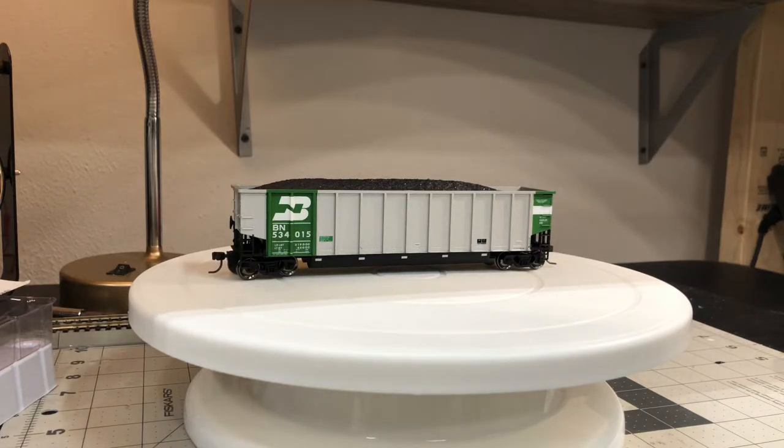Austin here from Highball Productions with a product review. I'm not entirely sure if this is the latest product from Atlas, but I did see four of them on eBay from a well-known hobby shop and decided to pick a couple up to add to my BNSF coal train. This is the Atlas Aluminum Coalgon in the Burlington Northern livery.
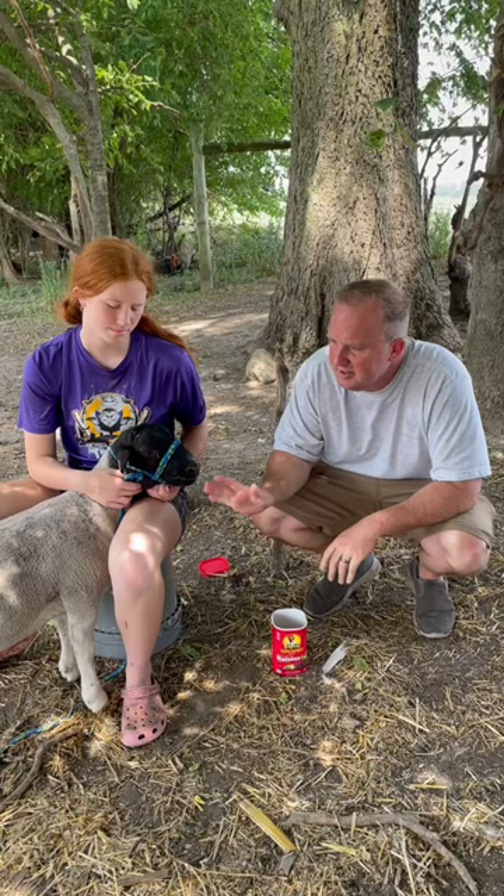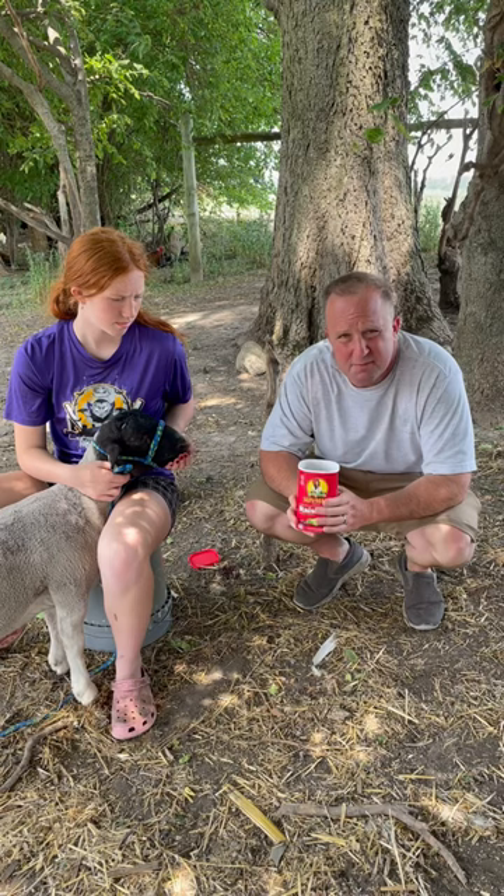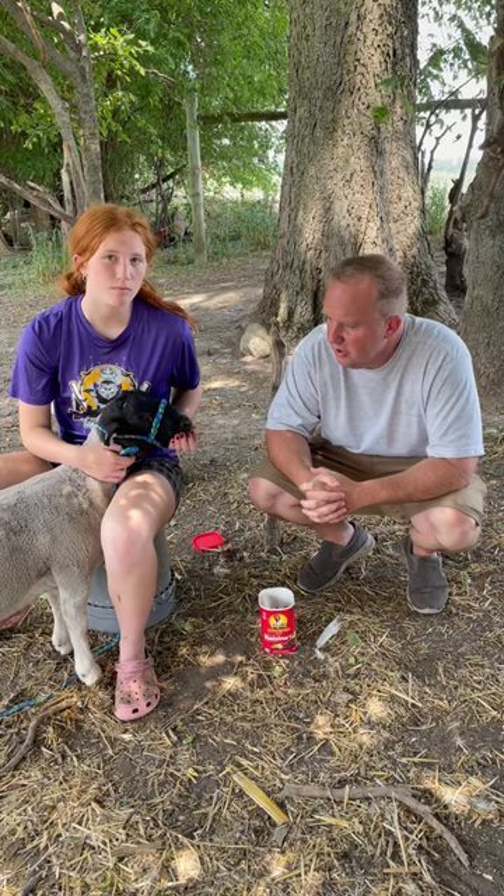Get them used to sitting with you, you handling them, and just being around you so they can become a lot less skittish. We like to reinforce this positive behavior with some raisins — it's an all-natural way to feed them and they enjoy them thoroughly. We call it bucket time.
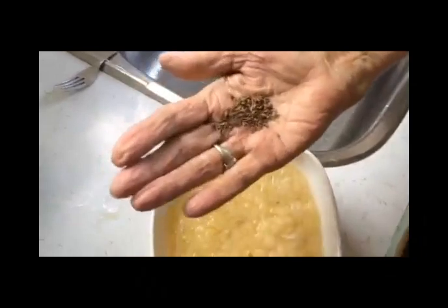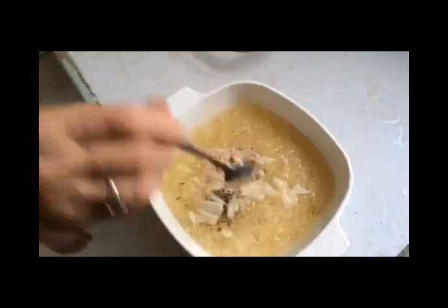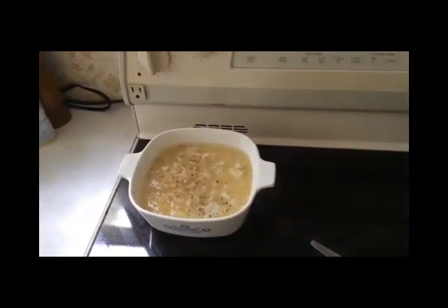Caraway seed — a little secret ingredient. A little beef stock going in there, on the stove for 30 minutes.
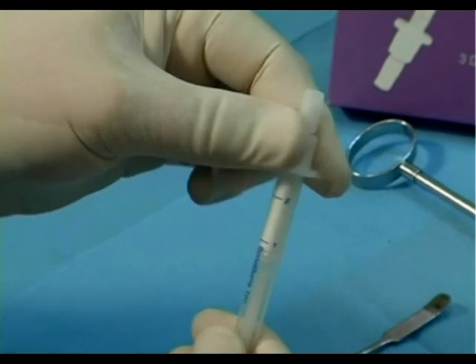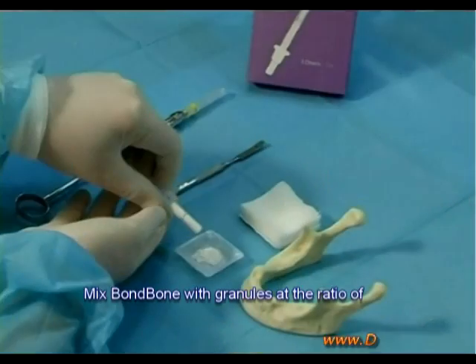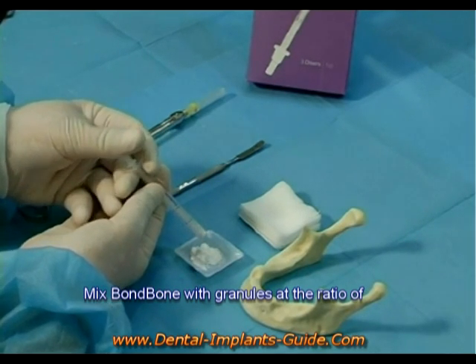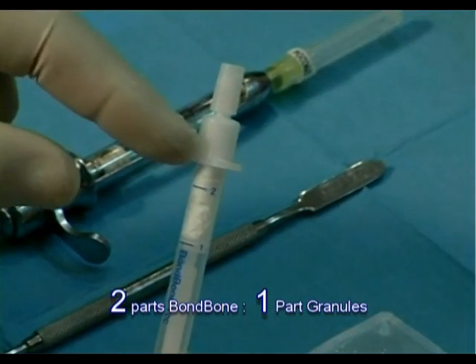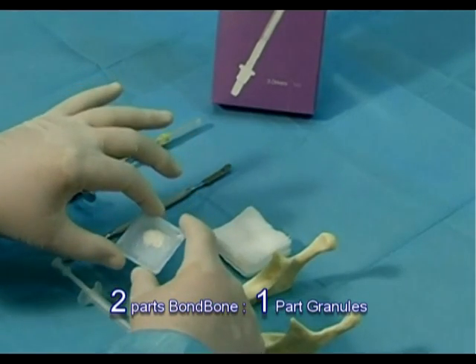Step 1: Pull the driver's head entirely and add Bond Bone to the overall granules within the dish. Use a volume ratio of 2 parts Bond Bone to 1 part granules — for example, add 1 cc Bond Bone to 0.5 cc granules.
--
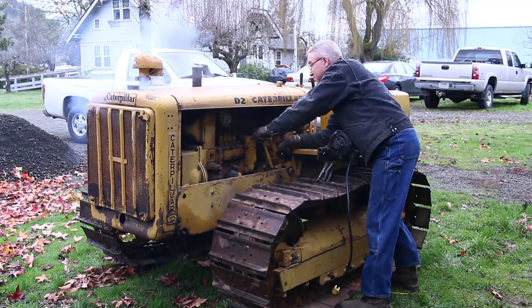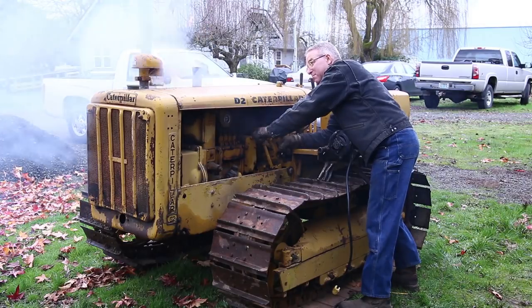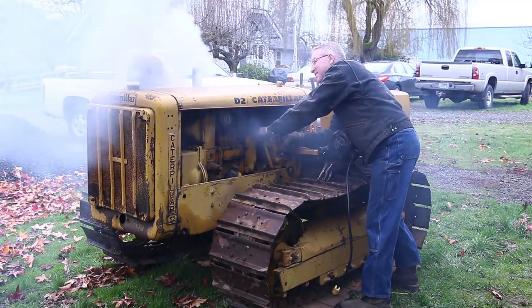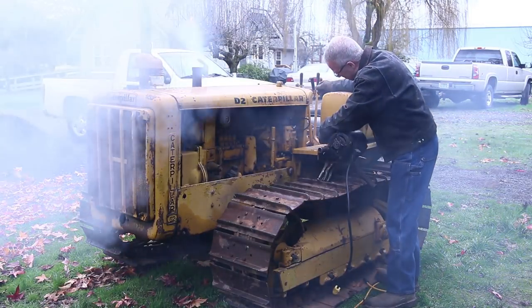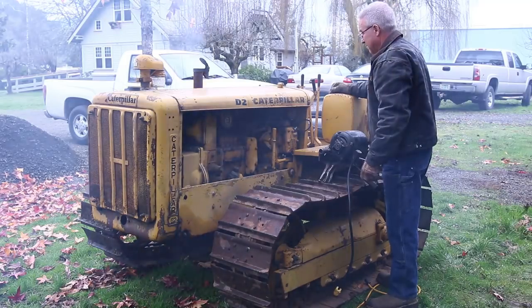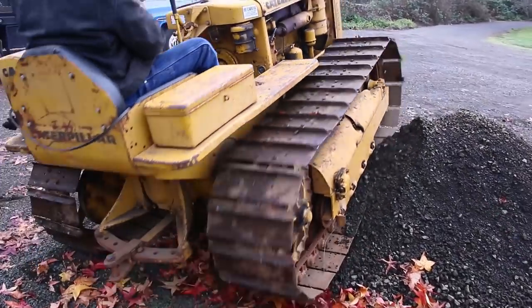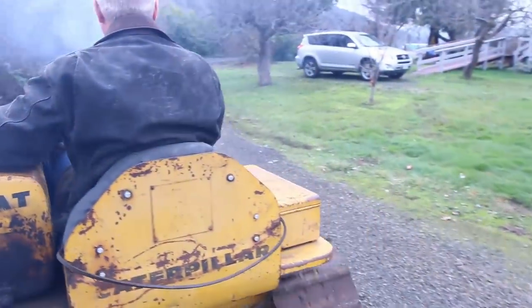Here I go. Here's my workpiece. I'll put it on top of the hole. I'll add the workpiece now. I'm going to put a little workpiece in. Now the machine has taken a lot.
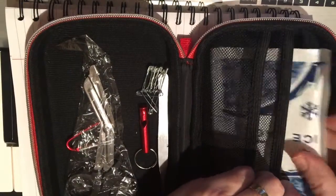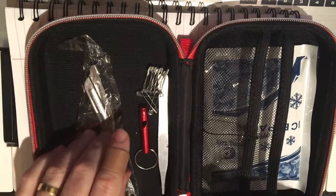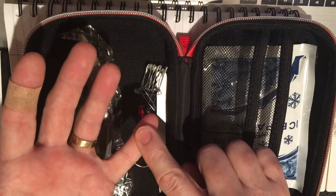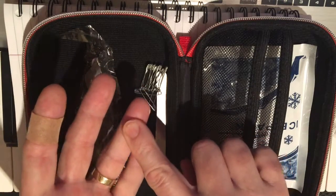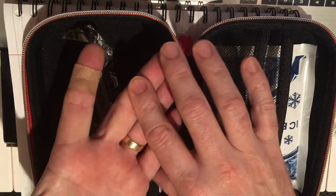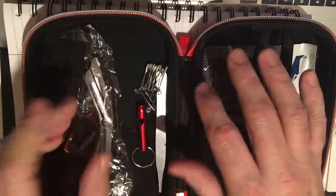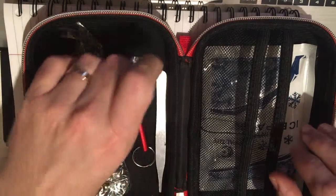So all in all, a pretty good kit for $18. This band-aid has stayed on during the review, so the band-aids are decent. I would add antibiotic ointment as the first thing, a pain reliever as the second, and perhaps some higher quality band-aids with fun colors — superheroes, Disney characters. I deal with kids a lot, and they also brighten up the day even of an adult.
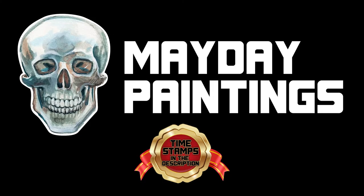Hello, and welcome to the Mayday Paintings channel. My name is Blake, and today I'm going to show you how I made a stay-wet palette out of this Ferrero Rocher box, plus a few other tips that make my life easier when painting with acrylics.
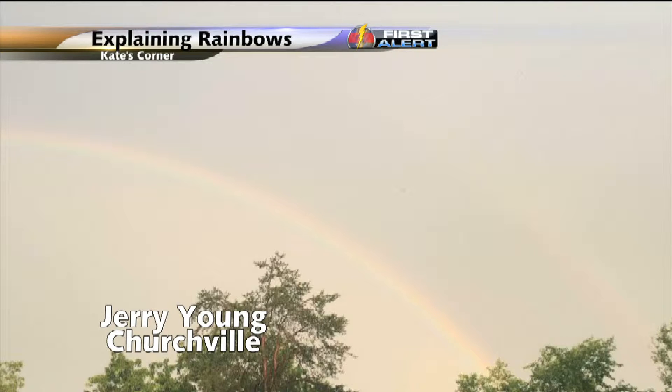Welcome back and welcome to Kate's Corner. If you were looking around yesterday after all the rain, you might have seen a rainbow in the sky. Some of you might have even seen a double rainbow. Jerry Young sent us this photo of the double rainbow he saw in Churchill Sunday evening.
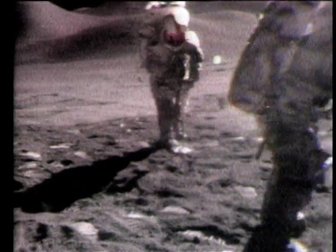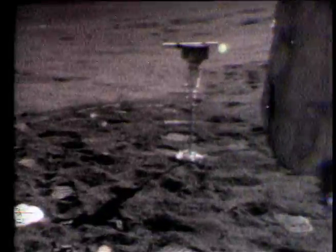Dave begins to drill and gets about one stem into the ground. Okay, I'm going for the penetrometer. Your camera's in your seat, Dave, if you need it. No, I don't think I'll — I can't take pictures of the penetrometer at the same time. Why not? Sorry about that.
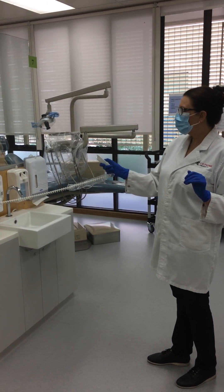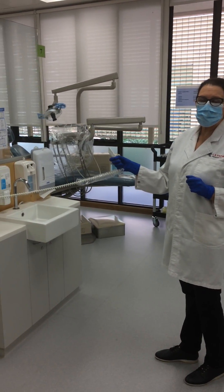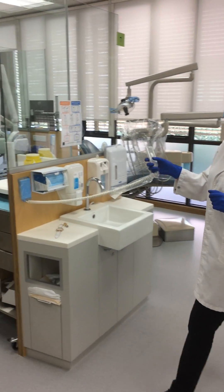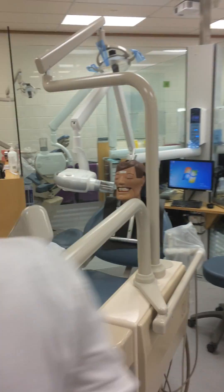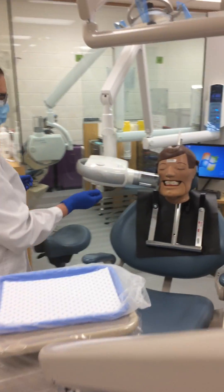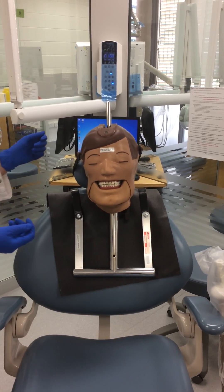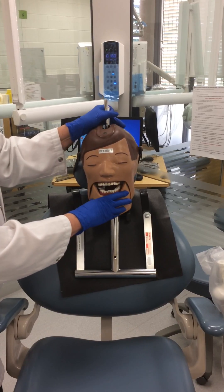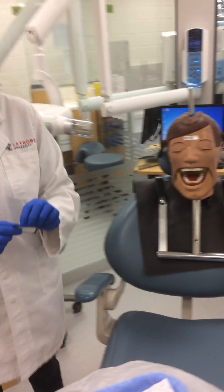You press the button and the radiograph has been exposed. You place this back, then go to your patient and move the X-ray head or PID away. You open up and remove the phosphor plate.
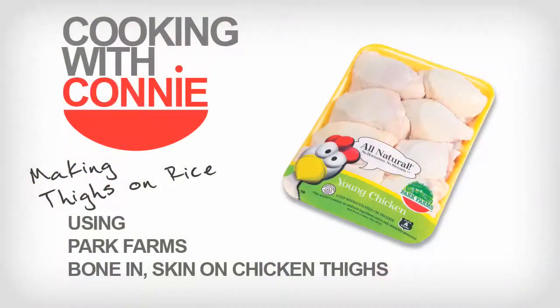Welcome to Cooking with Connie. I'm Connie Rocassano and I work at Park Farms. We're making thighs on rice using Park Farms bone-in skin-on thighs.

# TASK INSTRUCTIONS:
A word-for-word reproduction is needed of the lines above from the line containing "Get them used" through the line containing "Step 1: Pull", with both ends kept and no pictures.

# ANSWER TO THIS PROBLEM:
Get them used to sitting with you, you handling them, and just being around you so they can become a lot less skittish. We like to reinforce this positive behavior with some raisins — it's an all-natural way to feed them and they enjoy them thoroughly. We call it bucket time.
Caraway seed — a little secret ingredient. A little beef stock going in there, on the stove for 30 minutes.
Step 1: Pull the driver's head entirely and add Bond Bone to the overall granules within the dish. Use a volume ratio of 2 parts Bond Bone to 1 part granules — for example, add 1 cc Bond Bone to 0.5 cc granules.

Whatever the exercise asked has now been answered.